C’est le cas de l’identité sexuelle et de genre. Elle permet de bicatégoriser la société. On ne peut pas être, sans être femme ou être homme. Tout ce qui n’appartient pas à la catégorie d’homme ou femme n’a pas sa place au sein de cette société. En effet, un monde bicatégorique est bien plus simple. Pas de complication, pas trop de choix pour les individus, pas trop de prise de tête . Les filles porteront du rose et les garçons du bleu. Les filles joueront à la poupée et à la cuisine et les garçons au pistolet et aux tracteurs. Les filles ne parleront pas trop, seront plus discrètes et les garçons se devront de s’imposer, de prendre les décisions. Les filles n’aimeront que les garçons, et les garçons que les filles. Les filles seront distinguées et les garçons virils. Il en est ainsi. Il n’en sera pas autrement.

La bicatégorisation du sexe et du genre est un ordre social, un système d’organisation de la société, absolument fictif, qui n’est rien d’autre qu’une vaste prison sociale. Cet ordre engendre des souffrances et des violences inimaginables.

Nous vivons dans un monde où les intersexes sont torturés au quotidien au nom de cette sainte société binaire, pour les « réparer », pour les « corriger », pour les rendre « humains », c’est-à-dire fille ou garçon, rien d’autre. Nous vivons dans un monde où les intersexes subissent des mutilations dès leur plus jeune age pour les « conformer ». Nous vivons dans un monde où ils n’ont pas le droit d’inscrire la mention intersexe dans leur état civil. Nous vivons dans un monde où la médecine et le droit se permettent de choisir à la place des individus leur sexe et leur genre.
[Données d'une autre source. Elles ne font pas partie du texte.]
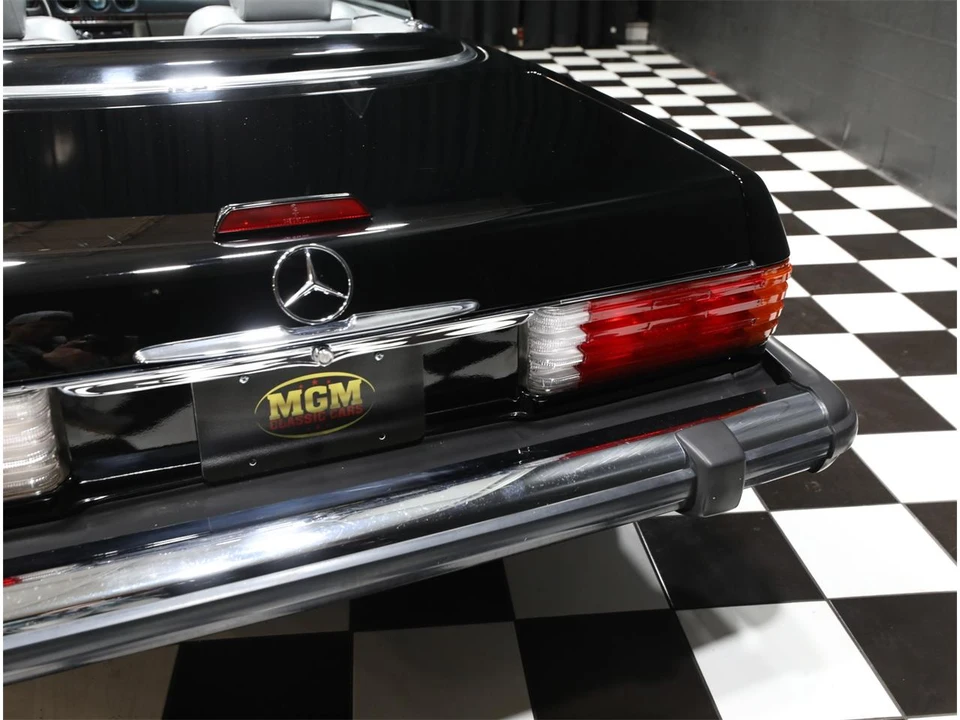 1989 Mercedes-Benz W126 S-Class Sedan - Image 23 of 31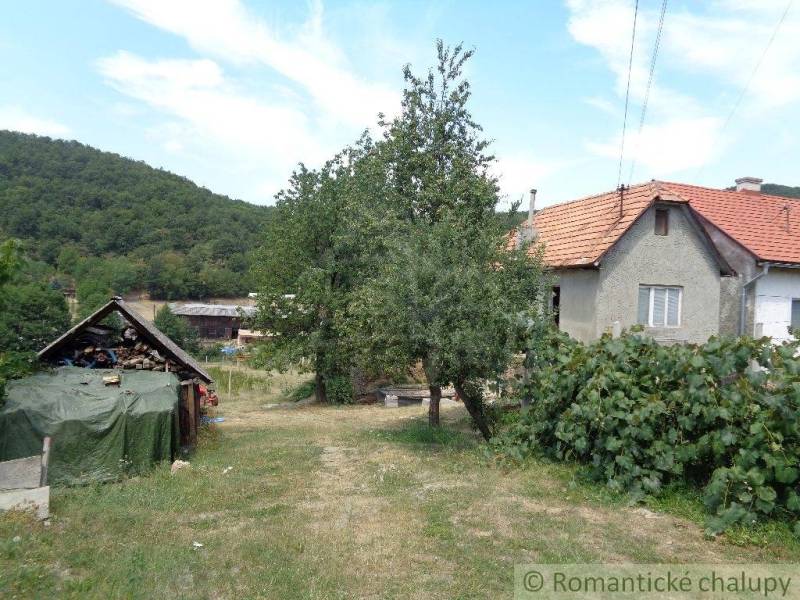 CENA DOHODOU Menší domček v príjemnom prostredí obce Šiatorská Bukovin - Rodinný dom v Šiatorskej Bukovinke s ovocným stromom, viničom a drevárňou v blízkosti lesa.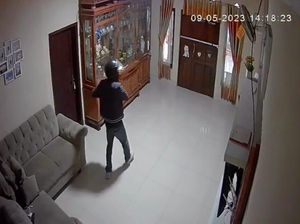 Aksi Santuy Maling Bobol Rumah di KBB yang Ditinggal Pemilik Umrah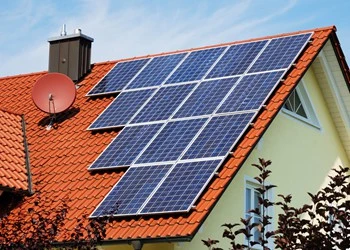 Un sistem solar de 10 kW va conduce o casă?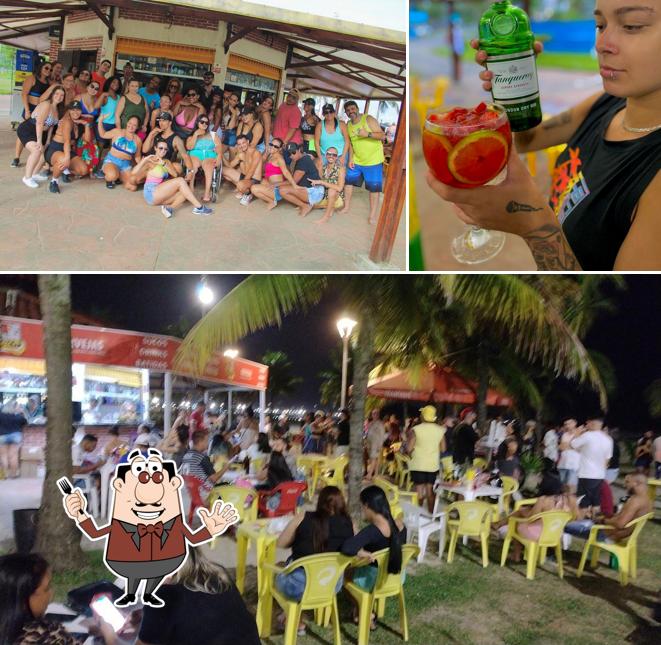 Confira a imagem apresentando comida e interior no Hashtag Beach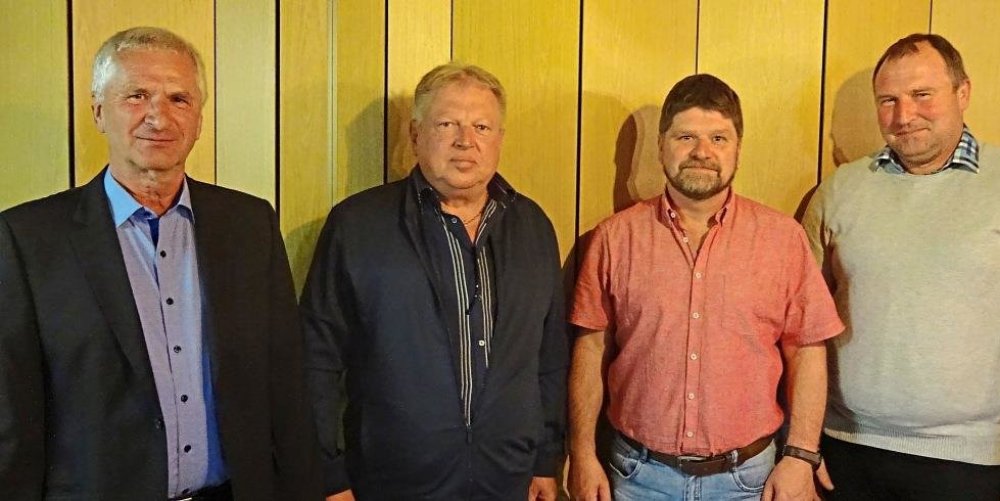 Vorsitzende der SG Hintereben-Jandelsbrunn mit Bürgermeister und stellv. Bezirksvorsitzenden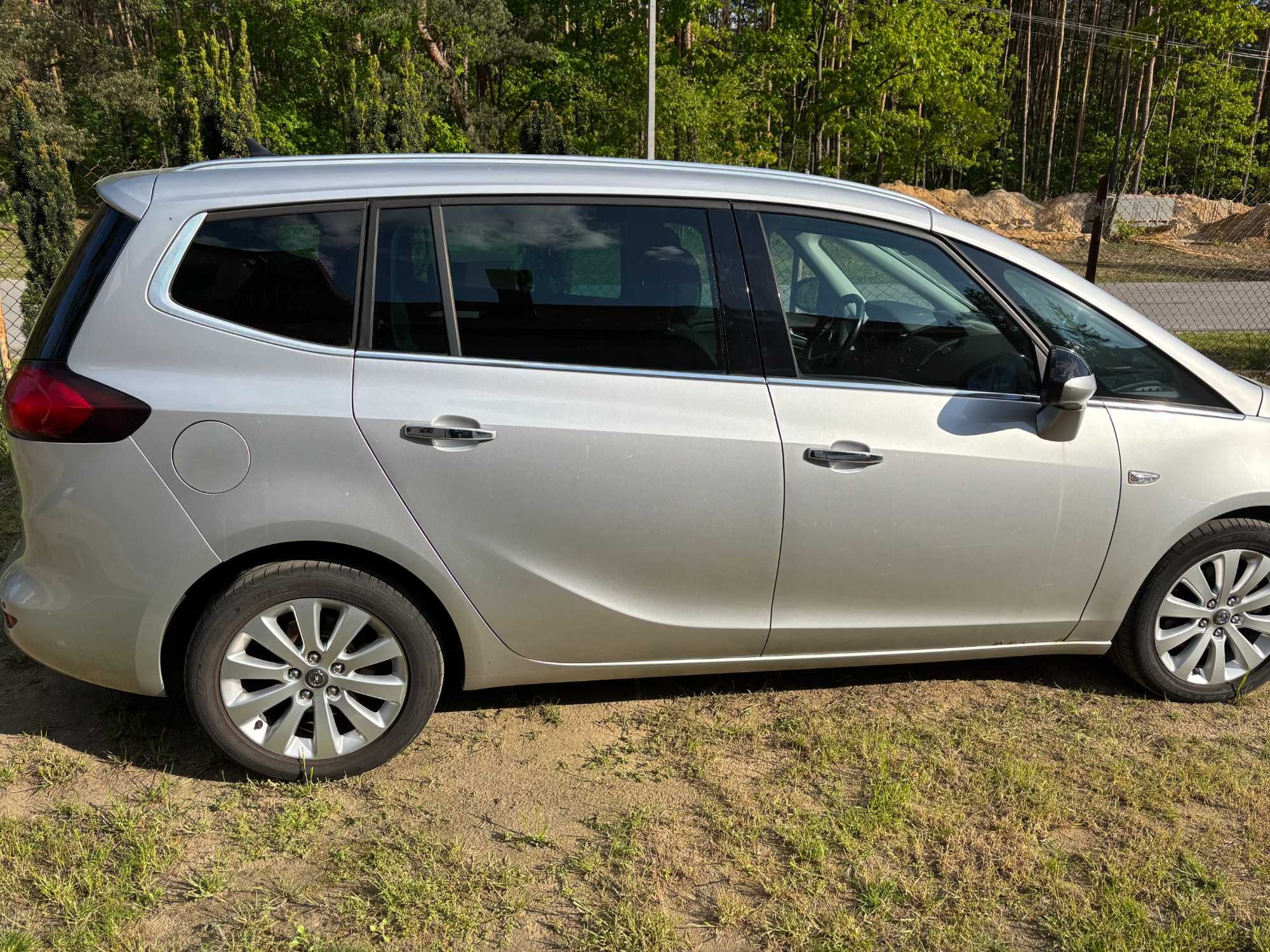 Opel Zafira Tourer Cosmo A14NET MT6 140KM (2012)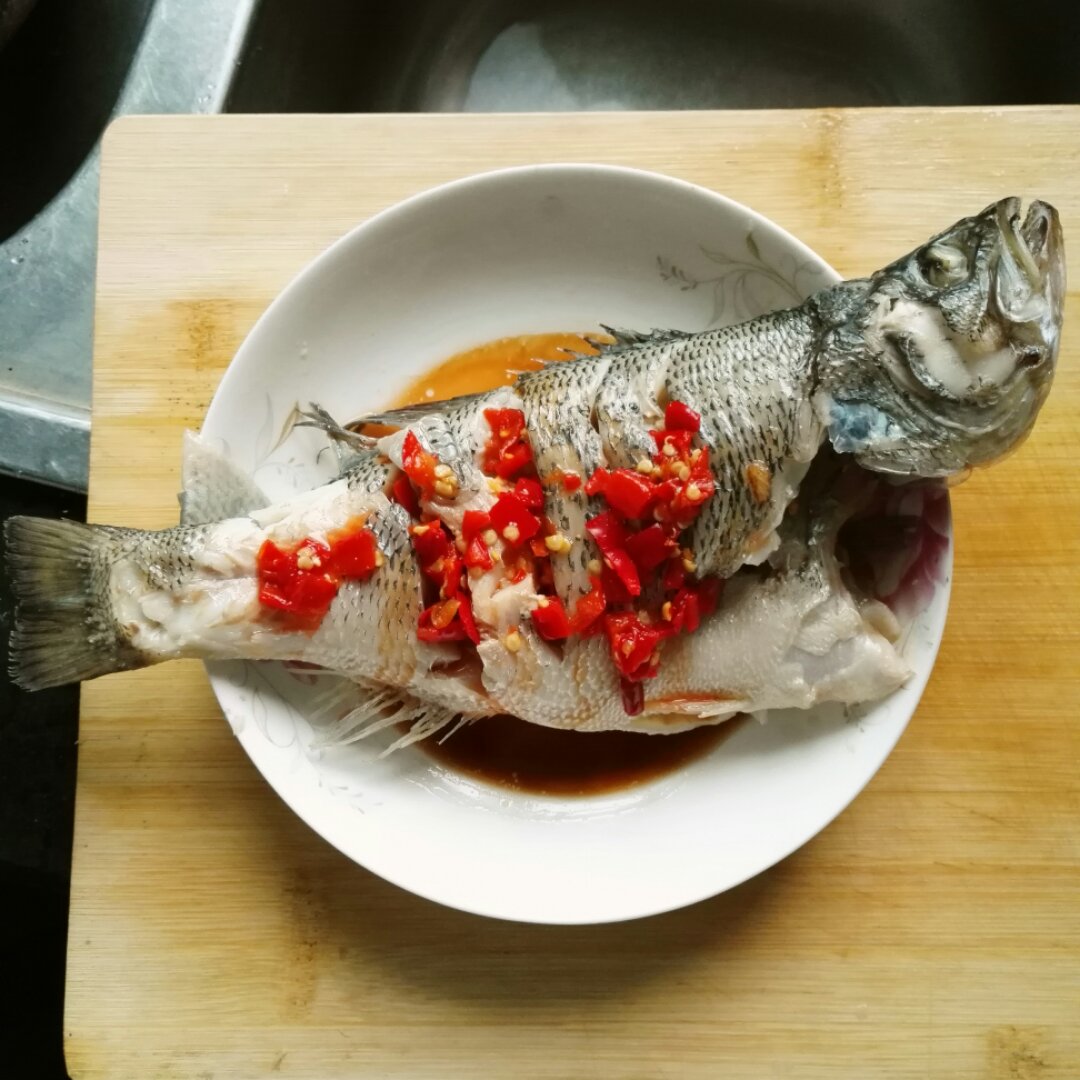 清蒸鲈鱼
Nous vivons dans un monde où les intersexes sont considérés comme des monstres. Nous vivons dans un monde où une grande partie de ces individus subissent des abus sexuels au sein des hôpitaux car ils ne sont tout simplement pas considérés comme des êtres humains.

Il est facile de fermer les yeux sur tant de violence, d’injustice et de cruauté. Il est facile de dire que la nature c’est une femme et un homme, que la nature c’est un homme qui aime une femme, que la nature c’est un papa et une maman. Il est facile de naturaliser ce qui appartient pourtant au social. Il apparaît cependant plus difficile pour certains de se rendre compte de l’autoritarisme de cette démarche, du caractère dictatorial de ce système.

Le genre n’est que purement social, il n’existe que pour imposer aux individus un type d’identité, pour les ranger dans une case, pour les catégoriser. Il est l’instrument parfait de conservation d’une société binaire, l’instrument parfait pour contrôler, diriger, surveiller.

Cela dit, ce n’est pas tant le genre qui pose problème en soit, mais plutôt sa bicatégorisation, trop limitée et réductrice, trop stricte et autoritaire. Il ne s’agit pas de supprimer toute trace d’identité, mais plutôt de prendre conscience de son caractère social et de pouvoir la choisir, la transformer, la supprimer, la rendre multiple, l’étendre à l’infini, la rendre fluide, plus libre, moins stricte, moins absurde, moins autoritaire, moins figée. La palette des identités de genre a une capacité immense. Laissons la exister. Laissons les individus s’exprimer comme ils le souhaitent. Laissons les choisir leur identité de genre. Laissons leur le droit de ne pas choisir d’identité de genre si tel est leur volonté. Laissons leur le choix d’être ce qu’ils veulent être. Même si cela ne peut être que social.